If you can, good resource material is Plans from the Cutty Sark Society in Grennwich. (A Print Shop will be able to enlarge them for you. (I don't think that you will infringe any Copyright.

 

Happy to offer any advice from my perspective.

 

Cheers....HOF. (Harry)

Link to comment
Share on other sites

Thank you Mark and HOF.

 

Where can I get grating to correct scale?  I didn't see it on Syren's site.

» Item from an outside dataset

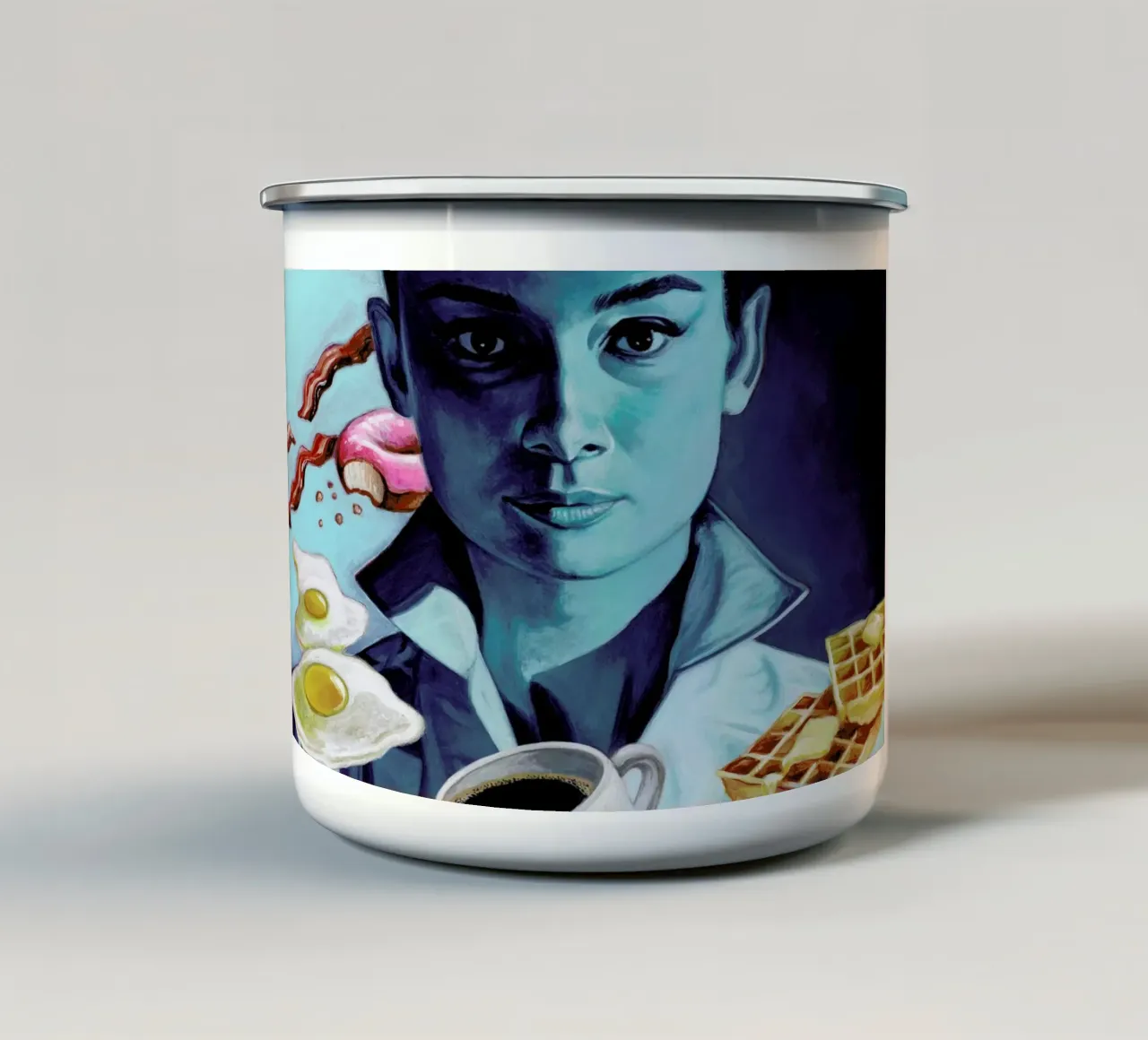 Breakfast with Tiffany tazza in smalto da Jared Yamahata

I was hoping that blocking in between bulkheads would bring the keel into line.  I've seen here that bringing blocking all the way out, and then fairing the blocking to the bulkheads really helps with planking, so I'll try it.  I didn't on America and some places required a lot of filler to fair her hull.

 

I will look at the Billings stanchions.

I will go with 3mm deck planking instead of 4mm.  I know GaryM plans on 2mm but I don't think I could pull that off.

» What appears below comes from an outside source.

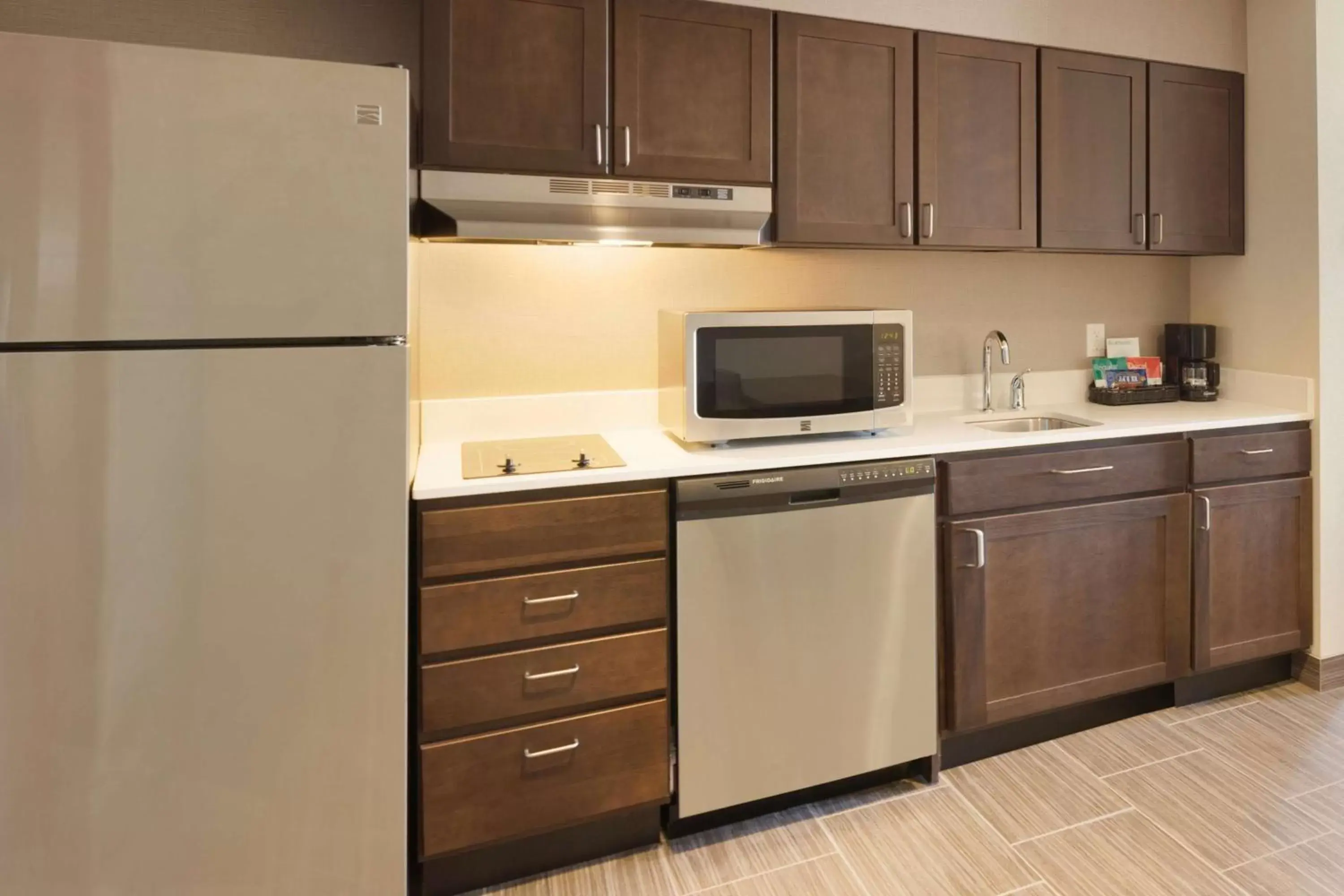 Kitchen or kitchenette, Kitchen/Kitchenette in Homewood Suites by Hilton Ankeny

Cutty Sark has (and always had?) teak deck planking - what do you folks recommend that would look close?

I got a set of plans from the CS museum shop in Greenwich some time ago and I will have them scaled - as soon as I can find them  ;)

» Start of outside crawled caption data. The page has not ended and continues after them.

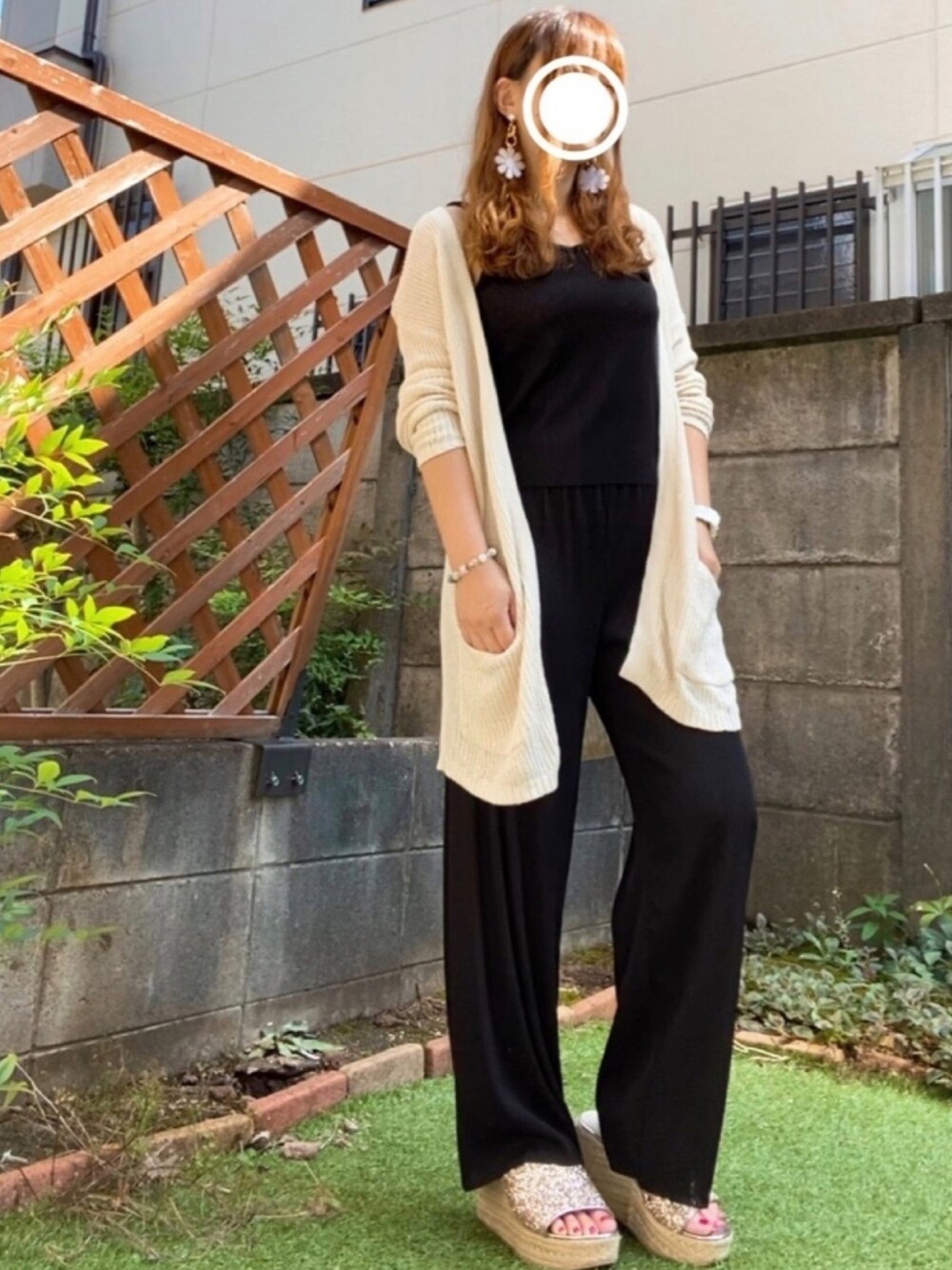ブラック系のトップス、ベージュ系のカーディガン/ボレロ、ゴールド系のサンダルを着用したレディースの秋コーディネートの1枚目の写真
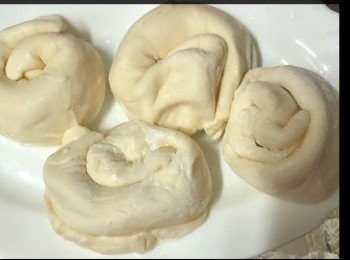 step7: 然後扭轉蔥粒麵糰，扭轉按壓讓整個麵糰呈現螺旋圖面。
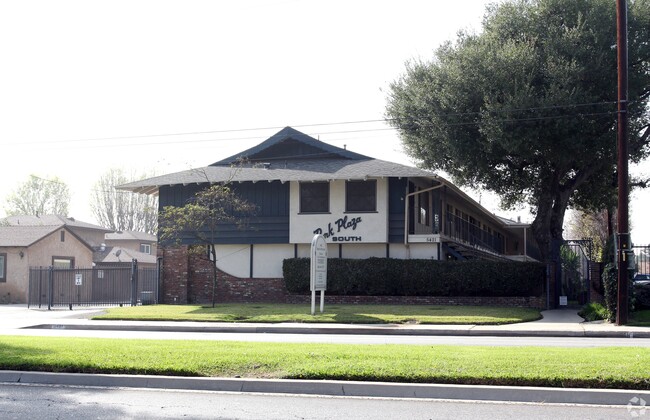 Primary Photo - Park Plaza South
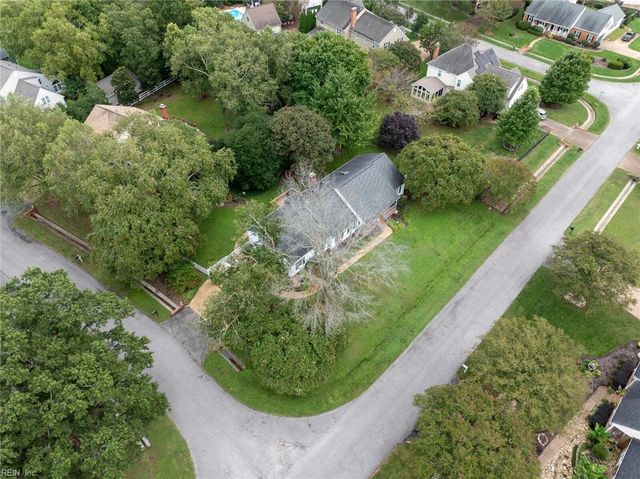 201 Allen Harris DR, Yorktown, VA 23692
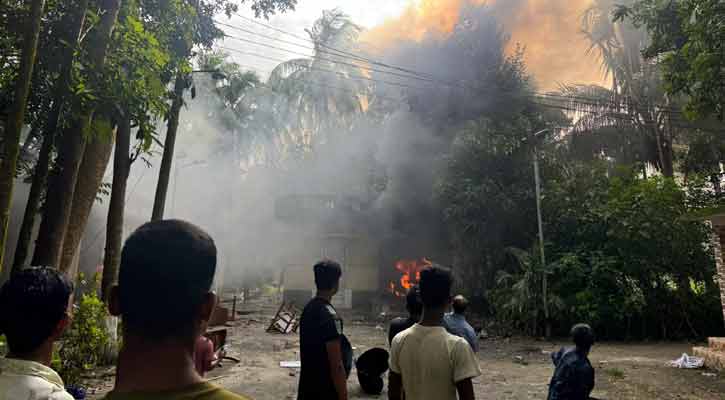 মির্জা কাদেরের বাড়িতে তিন বস্তা টাকা, ভাগ করে নিলেন হামলাকারীরা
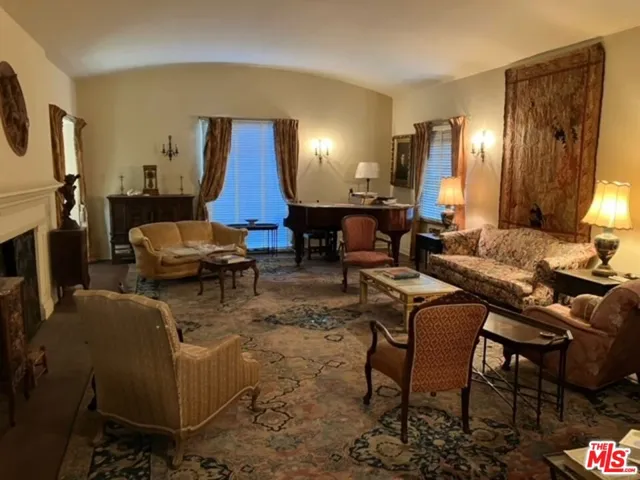 541 Comstock Avenue, Los Angeles, California 90024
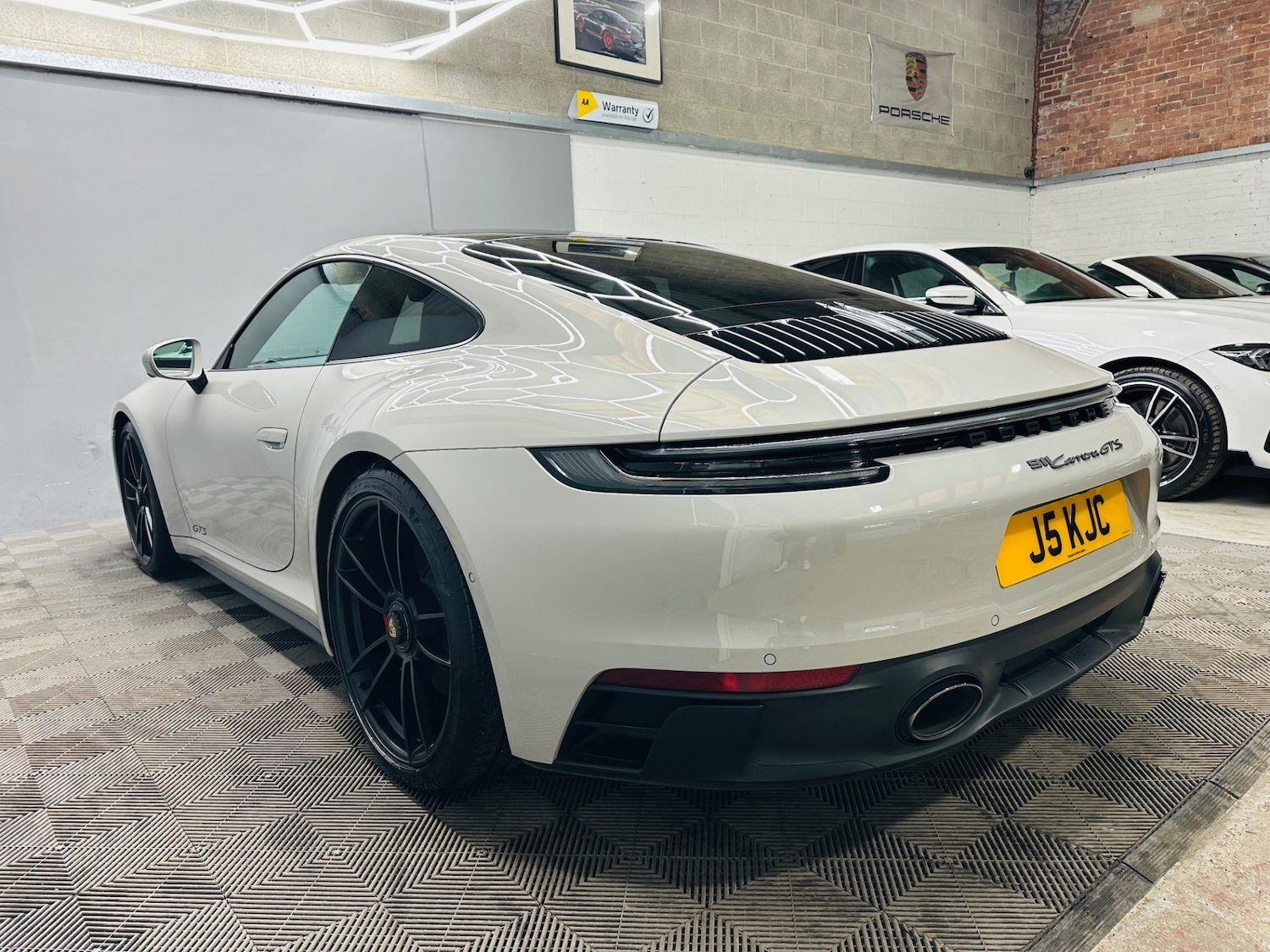 Used Porsche 911 2022 for sale - 76302622: Photo 34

I also have the C. Nepean Longridge The Ship and the Model (in two volumes).

And the Basil Lubbock Log of the Cutty Sark book just for fun.

 

There are so many examples on the forum and a treasure trove of knowledge and experience to draw on - plus, she still exists.

 

Thanks, and Merry Christmas to all!!

 

- Tim

Link to comment
Share on other sites

Hi Tim,

Gratings are fine, but, I chose to go "Scale" and made hatches. (Didn't like the Gratings, but, your choice.)

Filler stuff between the Bulkheads, again your choice, I didn't, but, your Model, your Ship, you choose to make your piece of Marine Art. :)

(Whatever you are comfortable with.)

 

You may find that the Keel pulls "True" after you slot things together, Dry Fit?

The Laser Cut stuff is pretty spot on.

 

Pleased you have the resource material, it's wot I started with before I got into the "Nitty Gritty."

One thing I forgot with my build was putting Tree Nails into the Deck Planks.... anyway, I was far too far along with the build and no one is going to notice, unless you tell them!!

 

Regarding Deck Planking, I used the Kit stuff, again, my little piece of art. :)

Looks o.k. and no one is anyone the wiser. (Yup, Teak Planks for the Deck but I felt just fine with the Basswood.)

(I came into some planks of Teak recently but you will have to come and buy them off me. :))

 

Be aware also that the Sergal version has Tapered Mainmasts, this is definitely not the case, you will need to get Mast Fittings modified/manufactured. (A friendly Manufacturing Jeweller is also a good resource. (I got Bumpkins made also with my resource!! :))

 

The Longridge Book is really good, I got a first Edition off Abe Books, the Log is also a wonderful read, Historically.

(All sorts went on, Assaults, Suicide, Murder, Etc!!)

 

My C/S took me about six years of weekends to complete, unfazed by this, it was something that I needed to complete. (Memory of my Father.) Some days, I'd go in to the Ship Room and Walk back out. :)

 

Anyway, don't be put off by my ramblings, Enjoy the journey....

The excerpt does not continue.